While Great Rivers was not involved in the case, Great Rivers’ staff and volunteers were excited to read about the ruling and the court’s reference to The Lorax by Dr. Seuss.

The case revolves around a gas pipeline project, led by Dominion Energy, that would run through the national forests and the Appalachian Trail. In late 2017, the Forest Service issued a “special use permit” and formal decision alaska-67304_960_720authorizing the project. Construction would involve “clearing trees and other vegetation from a 125-foot right of way (reduced to 75 feet in wetlands) through the national forests, digging a trench to bury the pipeline, and blasting and flattening ridgelines in mountainous terrains.” Once completed, the project would require “maintaining a 50-foot right of way (reduced to 30 feet in wetlands)” through the national forests for the life of the pipeline.

In February, Southern Environmental Law Center and the Sierra Club challenged the permits and right of way on behalf of environmental groups. The court had to decide whether the Forest Service violated the National Forest Management Act, the National Environmental Policy Act, and/or the Mineral Leasing Act in issuing the permits.

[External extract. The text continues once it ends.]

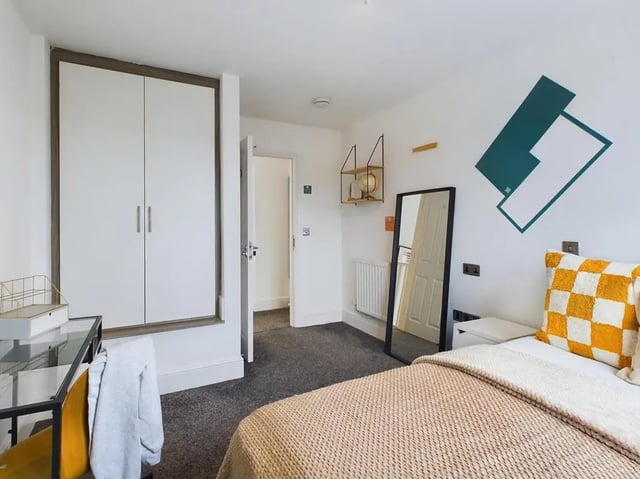 Wardrobe desk mirror bed with checkered pillow bedroom at 4 Bedroom House at Flat 5, 265, Edge Lane in Liverpool Student Accommodation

The court found that the Forest Service lessened certain environmental protections simply because the company could not meet those requirements, and doing so violated the National Forest Management Act:

“[t]he lengths to which the Forest Service apparently went to avoid applying the substantive protections of the 2012 Planning Rule—its own regulation intended to protect national forests—in order to accommodate the [pipeline] project through national forest land on [the gas company’s] timeline are striking, and inexplicable.”

Cowpasture River Pres. Ass’n v. Forest Serv., No. 18-1144, 2018 U.S. App. LEXIS 35060, at *80 (4th Cir. Dec. 13, 2018) (emphasis added), available online here.

According to the court, the Forest Service violated the National Environmental Policy Act by failing to “take a hard look at the environmental consequences of the project.” Specifically, the Forest Service abandoned its request for ten site-specific studies to analyze landslide, erosion, and water quality risks.

It also violated the National Forest Management Act and the National Environmental Policy Act by not analyzing whether there were reasonable alternative routes off of national forest lands. The court seemed especially skeptical since the Forest Service had initially requested—and re-requested—that the Federal Energy Regulatory Commission perform a full analysis of alternative routes, but it later abandoned—without explanation—the request. The court believed this was done to circumvent congressional approval.

The court also said the Forest Service had no statutory authority under the Mineral Leasing Act to grant pipeline rights of way across the Appalachian Trail.

The court concluded its 60-page decision with a Dr. Seuss quote:

“We trust the United States Forest Service to ‘speak for the trees, for the trees have no tongues.’ Dr. Seuss, The Lorax (1971). A thorough review of the record leads to the necessary conclusion that the Forest Service abdicated its responsibility to preserve national forest resources. This conclusion is particularly informed by the Forest Service’s serious environmental concerns that were suddenly, and mysteriously, assuaged in time to meet a private pipeline company’s deadlines.”

Interestingly, this is not the first time a court has quoted The Lorax. On Earth Day in 2015, an Iowa Court of Appeals judge cited The Lorax in a footnote when it considered Lackman v. Muff—a case about the value of trees.

TomInOrangeGRELCtshirtLike these courts, Great Rivers and its leaders know that it’s important to “speak for the trees.” That’s why environmental steward and former Great Rivers board member, Tom “Yusha” Sager, used to read The Lorax to children at Columbia’s annual Earth Day Festival and would conclude by telling the children that Great Rivers Environmental Law Center is like the Lorax, and speaks for the trees.

Great Rivers is glad to see members of the bench find wisdom in Dr. Seuss’s words, and we encourage everyone to read and implement the message of The Lorax.

After all, “unless someone like you cares a whole awful lot, nothing is going to get better. It’s not.” Dr. Seuss, The Lorax (1971).